Commissioner Kathleen L. Casey

U.S. Securities and Exchange Commission

Washington, D.C.
November 19, 2010

I’d like to join the Chairman in thanking the Staff of the Division of Investment Management for its work in developing these Proposing Releases, as well as all the other Divisions that participated in the process.

And, as has been noted, this is Buddy’s last open meeting here at the Commission and I would like to join my colleagues in thanking you for your extraordinary work over the past several years. It has been a sincere pleasure to work with you. I know that you must be looking forward to spending more time with your family, particularly your grandchildren. In this, you are truly blessed and I wish you the best.
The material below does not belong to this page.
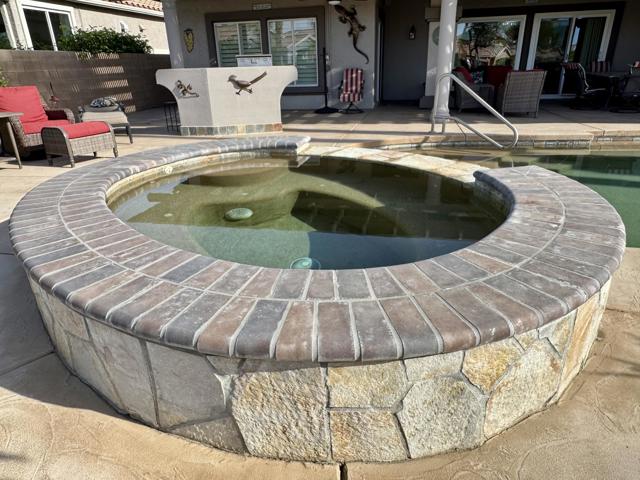 45187 Crystal Springs Drive, Indio CA: https://media.crmls.org/mediaz/07cb37a1-7447-425d-964b-1fe4ebaa6054.jpg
As an initial matter, it is important to step back and consider Congress’s goals in enacting the provisions of Title IV of the Dodd-Frank Act relating to the regulation of Advisers to Hedge Funds and Others that the Commission is addressing in these proposals. As reflected in the legislation itself and the accompanying legislative history, Congress made the considered decision to alter the scope of the exemptions from registration under the Advisers Act in an effort to ensure that advisers to certain larger, more interconnected, private funds — such as hedge funds — would be registered with the Commission. As the testimony and legislative history make clear, one of the goals of the expansion of the registration requirements to include these private funds was to enable the Commission to monitor the greater risks potentially presented by these funds and to enhance its ability to protect private fund investors.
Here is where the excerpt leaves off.